Page MenuHomePhabricator

Querying ProcseeBot's user logs results in internal_api_error_DBQueryError
Closed, DuplicatePublicPRODUCTION ERROR

Description

Querying ProcseeBot's user logs via the API often results in internal_api_error_DBQueryError.

Example request params:

{
   format: 'json',
   formatversion: '2',
   maxlag: 5,
   assert: 'bot',
   action: 'query',
   list: 'logevents',
   leprop: 'title|comment|timestamp',
   leend: '2021-02-25T21:20:28.572Z',
   lelimit: 'max',
   letype: 'block',
   leuser: 'ProcseeBot',
   lestart: '2021-12-09T09:20:14.605Z'
 }

SDZeroBot does this to maintain WP:Bot activity monitor.

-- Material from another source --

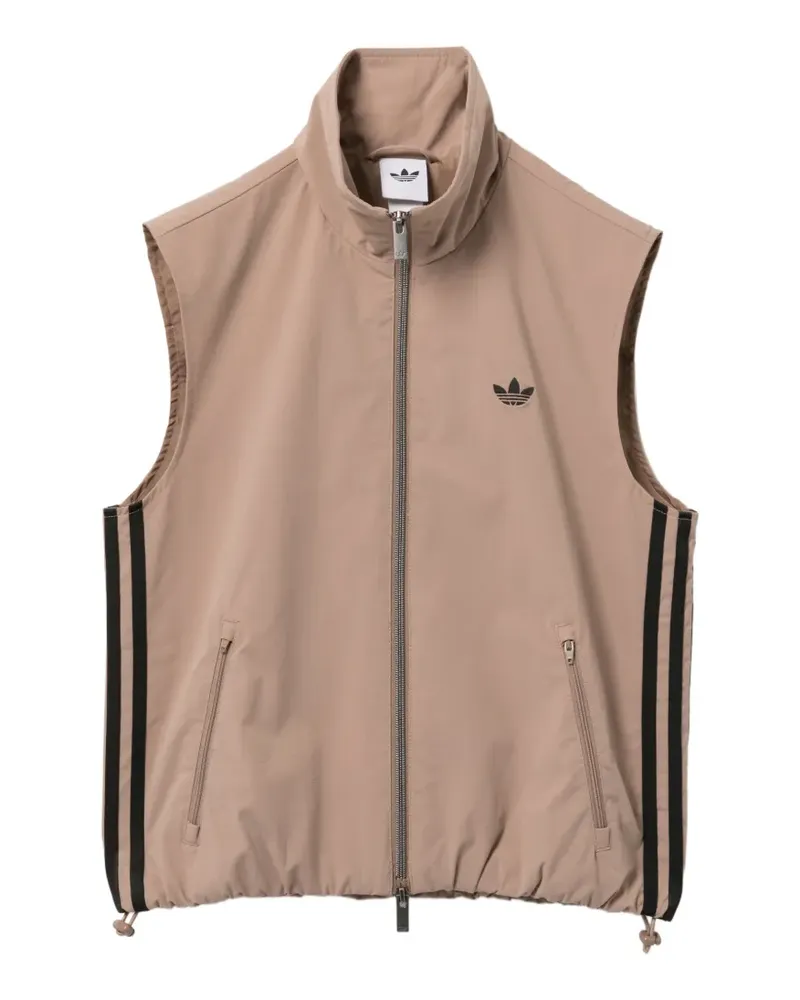adidas ADILENIUM 5.0 SLEEVELESS TRACK TOP - Braun Braun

Starting from Dec 16, the error has occurred 172 times as of 2 Jan.

Bot logs can be seen here: https://sdzerobot.toolforge.org/logs?type=out&log=bot-monitor&lines=10000 Use Ctrl+F for "DBQueryError" to find full response headers and request IDs.

Event Timeline

SD0001 changed the subtype of this task from "Bug Report" to "Production Error".Dec 19 2021, 3:08 PM

I went through logstash to find a requestid from your logs, it looks like the error on the backend (for one of your errors anyway) is Error 1969: Query execution was interrupted (max_statement_time exceeded) (db1184) this may be related to this email sent to wikitech-l https://lists.wikimedia.org/hyperkitty/list/wikitech-l@lists.wikimedia.org/thread/IPJNO75HYAQWIGTHI5LJHTDVLVOC4LJP/

Just to note: I am not sure if it is good to include tokens in your public log (header for oauth). Your timestamp must not include microseconds ('2021-12-09T09:20:14.605Z' => '2021-12-09T09:20:14Z')

The url from the logs is https://en.wikipedia.org/w/api.php?action=query&list=logevents&leuser=ProcseeBot&lelimit=100&leprop=title|comment|timestamp&leend=2022-03-25T05:20:30Z&letype=block which also timeout right know

{
    "error": {
        "code": "internal_api_error_DBQueryError",
        "info": "[fd3370e8-7024-46af-9197-4f4e24a774de] Caught exception of type Wikimedia\\Rdbms\\DBQueryError",
        "errorclass": "Wikimedia\\Rdbms\\DBQueryError"
    },
    "servedby": "mw1404"
}

When looking at the GUI part without timestamp - https://en.wikipedia.org/wiki/Special:Log?type=block&user=ProcseeBot&page=&wpdate=&tagfilter=&subtype= it seems the ProcseeBot has stopped its work on enwiki and that makes searches for nothing extremly expensive for the database or the database is using the wrong index to determine the fact, there are no rows. Maybe the request could be reduced to avoid problems with the database servers

I disabled the check for ProcseeBot's activity.